BCCC Students at Work Documenting Best Barn.

In 2008, Bucks students won the coveted National Parks Service/American Institute of Architects’ Charles E. Peterson Prize, which annually recognizes the best set of measured drawings prepared to Historic American Building Survey (HABS) standards by college or university students.  At BCCC, the HABS program operates as part of the institution’s Historic Preservation Department.  The program offers students the opportunity to measure and record the architectural details of historic structures as they exist today, before they are further altered by time, nature and people.  By studying clues, such as the changes in mortar and other materials applied to a structure, HABS students document both a building’s history and the history of the people who made the changes.
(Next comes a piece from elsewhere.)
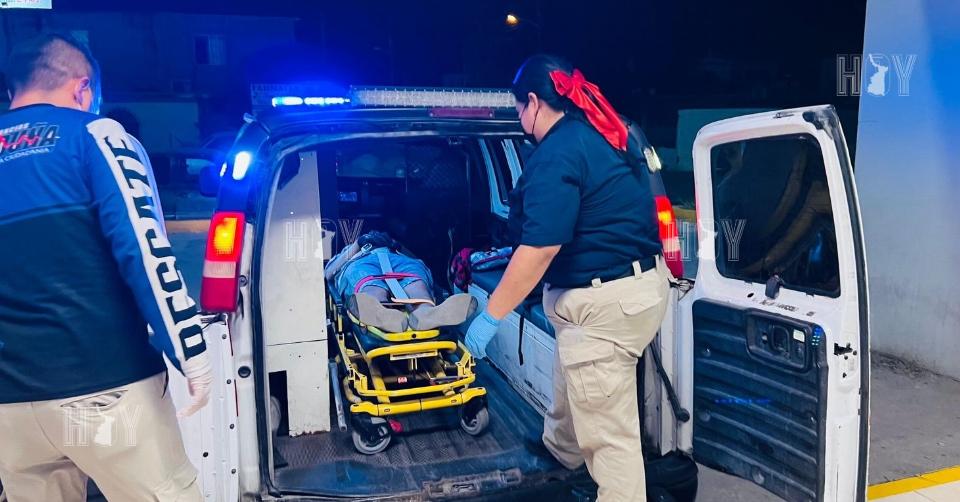 Hoy Tamaulipas - Motociclista lesionada tras choque en Matamoros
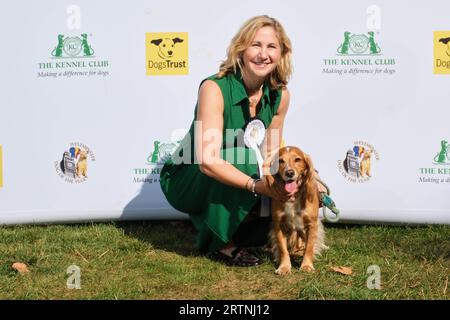 Anna McMorrin konkurriert mit Cadi, Working Coker Spaniel, beim Westminster Dog of the Year-Wettbewerb, der gemeinsam von Dogs Trust und dem Kennel Club organisiert wird, außerhalb des House of Parliament in London. Bilddatum: Donnerstag, 14. September 2023. Stockfoto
Since 1991, Bucks County Community College faculty member, Kathryn Auerbach, has led several teams of HABS students as they measured and documented historic structures here in Bucks County and across the country.  The recorded findings of the students, many of whom have no previous architectural or building experience, have become part of the collection at the Library of Congress to be used for future research.  The college competes for the best architectural measured drawings of a historic American structure in the Charles E. Peterson HABS Prize Competition sponsored by the National Park Service, the American Institute of Architects and the Library of Congress.

Measured Drawing of Best Barn, Frederick, MD.

Measured Drawing of Best Farm Stone Barn, Frederick, MD (BCCC 2008).

The yearly contest is highly competitive, with entries from architecture and design programs at nationally recognized universities. Several of BCCC subsequent HABS classes have gone on to secure a Honorable Mention,  4th place, 3rd place and even 1st place in the competition. In 2008, BCCC – the only community college entrant – won a highly coveted 1st place award for their work with the National Park Service on the Best Farm Stone Barn, located on the Monocacy Battlefield in Frederick, Maryland.

In Bucks County during the 1930’s, many of the HABS projects involved old stone barns that were very prevalent in this part of the country.   Today, thirty percent of the barns that were documented no longer exist.  Without the HABS sets of measured drawings and photographs, no evidence would exist of some of Bucks County’s beautiful stone barns, nor of the people who built and used them.

Students who participate in the HABS class at BCCC not only learn about historic architecture but also develop important problem-solving skills.  Many of our HABS drawings will be on display during the National Barn Alliance Winter Meeting.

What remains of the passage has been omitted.